When the city of Philadelphia hosted the NHL Winter Classic in early 2012, the most memorable event of the weekend wasn’t the Rangers-Flyers game. Somehow, in a city that oozes delicious controversy like Cheese Whiz, it wasn’t even Ilya Bryzgalov’s bizarre benching. It was an alumni game that took place two days prior, in front of more than 45,000 highly emotional fans.

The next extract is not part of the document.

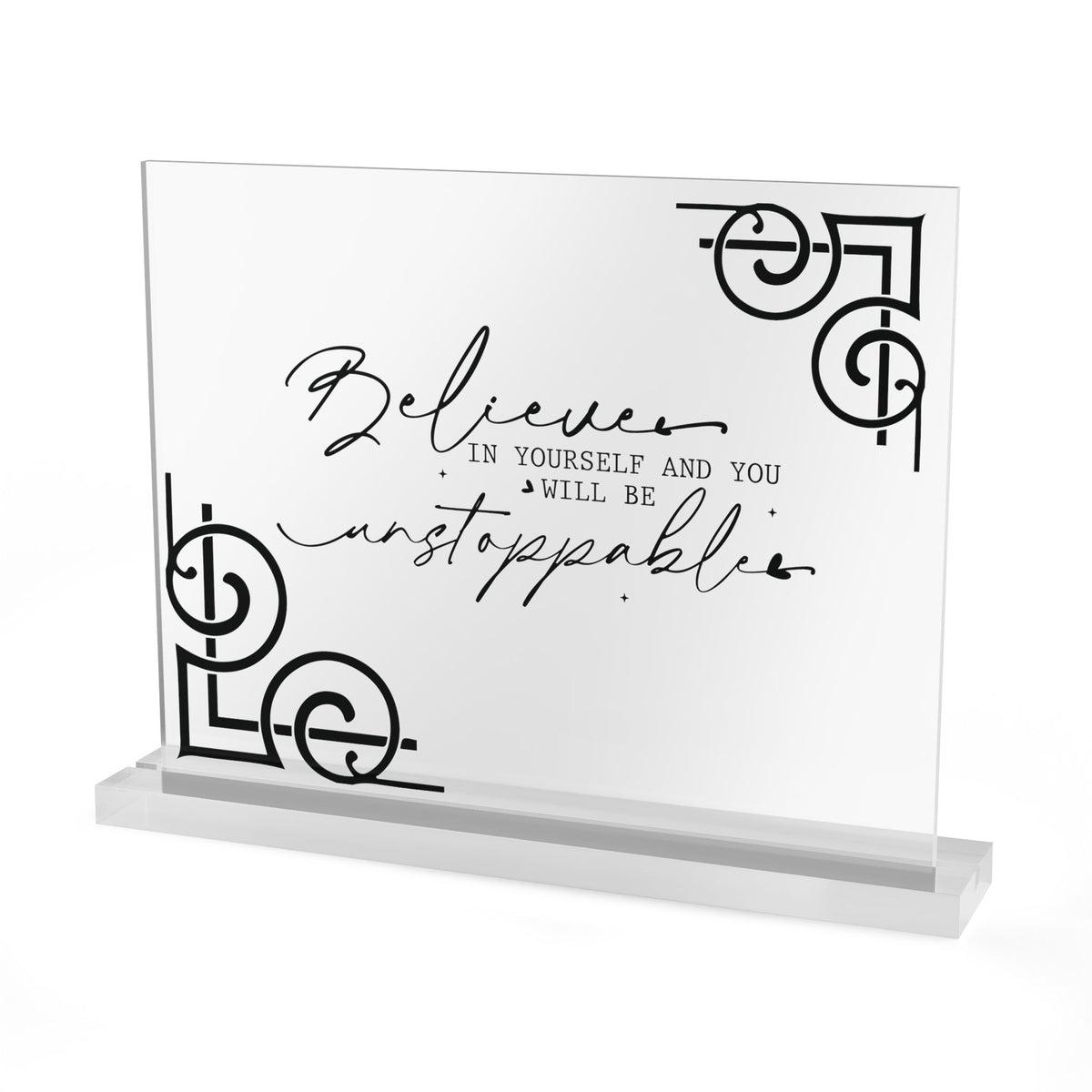 Believe in Yourself script motivational acrylic table sign | rectangular desk plaque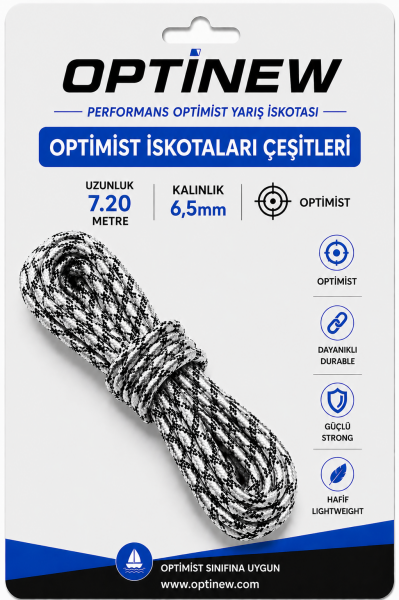 Optimist İskotası - 6.5mm Orta Sertlikte 7.20m Yarış Halatı Beyaz Kırçıllı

Eric Lindros wasn’t exactly sure how he would be received. His final years in Philadelphia were acrimonious in an almost unbelievably public way, and he’d been mostly estranged from the organization ever since. (Let’s pause for a moment to reflect upon one particular spat that involved a collapsed lung, a bathtub, and GM Bob Clarke saying, “All the controversies, Eric brings them on himself.”) But the no. 88 jerseys in the crowds largely outnumbered any grudges. Even fans who had soured on Lindros by the time he left Philly seemed more wistful than hateful. When his name was announced at the start of the alumni game and the big guy raised his stick, he was greeted with a standing ovation that could make your hair stand on end.

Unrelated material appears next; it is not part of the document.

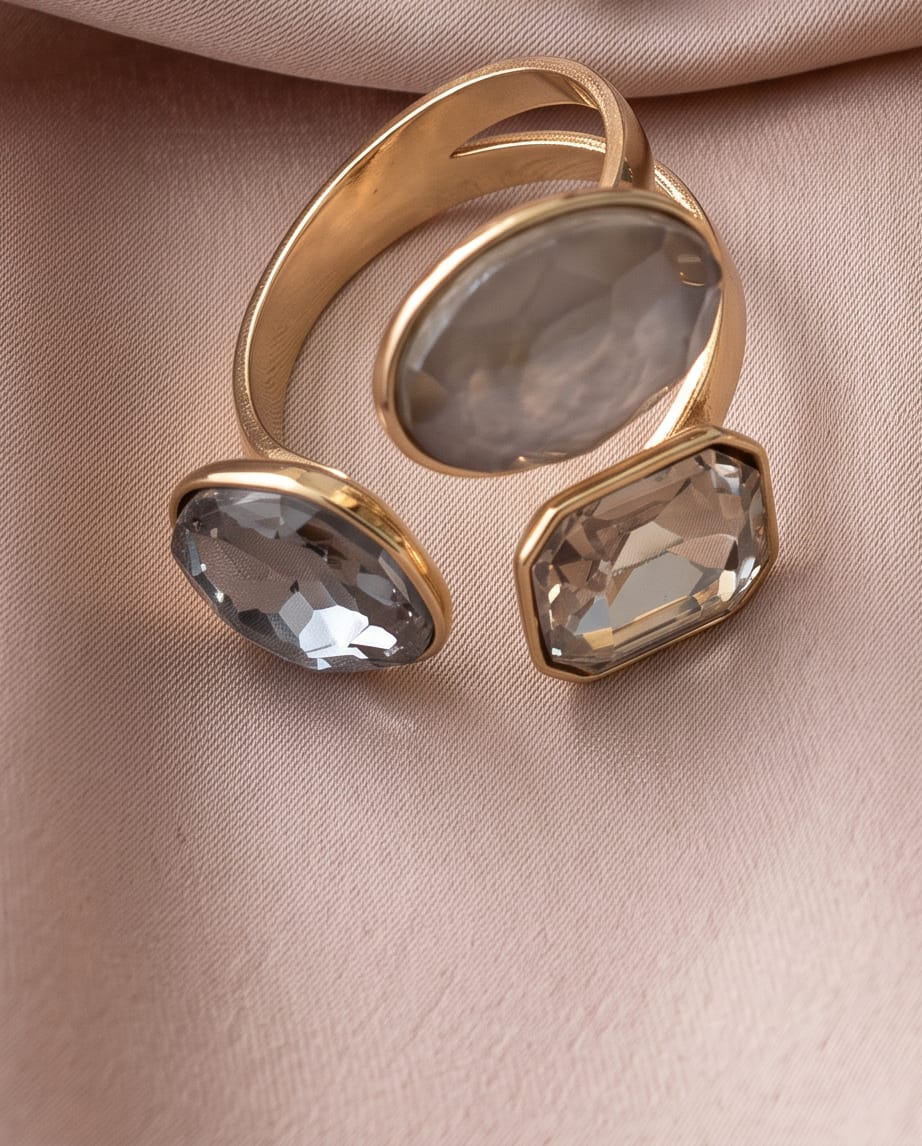 Anello acciaio triplo castone vetro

On Monday, he was once again finally given his due. Lindros was named to the Hockey Hall of Fame, after six years of mostly silly rejection, and it’s about damn time. Ever since he was a teenager, the center was an unceasing, and worthy, obsession of the hockey world. He was huge (6-foot-4, 240) and hugely skilled, capable of playing a style of hockey that seemed more of an abstract ideal than an actual bodily possibility. (Instead of using the 20/80 scale to evaluate prospects, hockey scouts ought to just rate them from 1 to Eric Lindros.) He was, for a time, hockey’s avatar. In the biopic he’d be played by Channing Tatum, and you’d spoil the viewing experience for your kids because you’d keep pestering them: No, you don’t understand, there was no one like him in his prime.

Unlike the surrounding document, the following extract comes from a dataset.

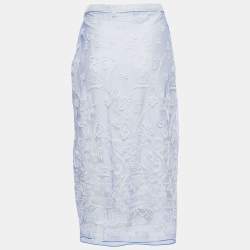 Pre Owned Burberry Blue Floral Embroidered Tulle Midi Skirt L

The problem, in the eyes of the dudes who gatekeep the Hall of Fame (Clarke being one of them), usually had to do with the span of that prime. Lindros played 13 seasons in the NHL, but is remembered mostly for an outlandishly dominant mid-to-late-’90s. He reached the Cup final once and was swept. If Lindros epitomized everything hockey could be, he also was a model victim for all the ways the game could do you wrong, from the self-defeating suffocation of hype to the short- and long-term distress of head injuries.
He had the worst kind of helicopter parents. He (and they) ruffled many feathers and made lots of enemies in the sport, which didn’t do Lindros any favors every time the Hall of Fame selection process rolled around. He was infamous for refusing to play for the Quebec Nordiques, who drafted him first overall, and forcing a trade for the ages, but he had a point: Athletes do have an odd lack of control over their professional futures. Hockey fetishes longevity, and Lindros’s penchant for injuries, many of them to his head, was long considered a strike against him. (Some say that he was so good as a teen that he never learned to properly watch out for incoming hits.) But watching old videos of that era, knowing what we know now, it’s tough not to feel empathy for how much punishment he routinely took, and to understand why, in his retirement, Lindros has become increasingly outspoken about player protection. It also, in a way, makes some of his stats all the more bonkers: In 1996–97, he missed 30 games and still finished the season with 79 points.
What should a Hall of Fame be? This is a question that all sports face; baseball has a whole steroid-fueled generation that it may never decide how to properly judge. Should the place feel like an encyclopedic compendium of a sport’s most successful players as defined by known, unassailable metrics — career length and Cup wins included — or should it have more laid-back shrine-to-the-glory-of-hockey, this-is-what-things-were-like-back-then vibes? I’m an extremist, but my ideal Hall of Fame would be the best kind of museum, the type that immerses you in the context, ugly and beautiful, of all of hockey’s eras. Hell, put an interactive NHL on Fox glowing-puck exhibit next to Lindros’s bust. Few things are so specifically, disgustingly mid-’90s.
Ultimately, a “weak” class of eligible players helped enable Lindros to earn a Hall of Fame spot this year. (Which is slightly amusing, considering that his career was full of exactly the opposite: He put up huge numbers during an era in which scoring was quite difficult to come by.) But the strange and sometimes petty machinations behind the decision will fade with time, and the Hall of Fame will be better with Lindros in it, just as the NHL once was, and just as that Winter Classic alumni game was.
Those sorts of nostalgia fests can often be mildly depressing affairs, wincing reminders of fleeting beauty and the death march of time, but when Lindros passed to his former “Legion of Doom” linemate John LeClair midway through the first period and LeClair turned it into a goal, everyone in Citizens Bank Park felt young again. I grew up hating Philadelphia sports, despised Lindros in particular — we all have those athletes we hate in our formative fan years, and he and Reggie Miller were mine — and even I had to blink back tears in the ballpark press box that afternoon. It was a fun moment to reflect back on one of the most frustrating and dynamic players in hockey history. In a perfect world, wouldn’t this be how celebrating your favorite sport’s past always makes you feel?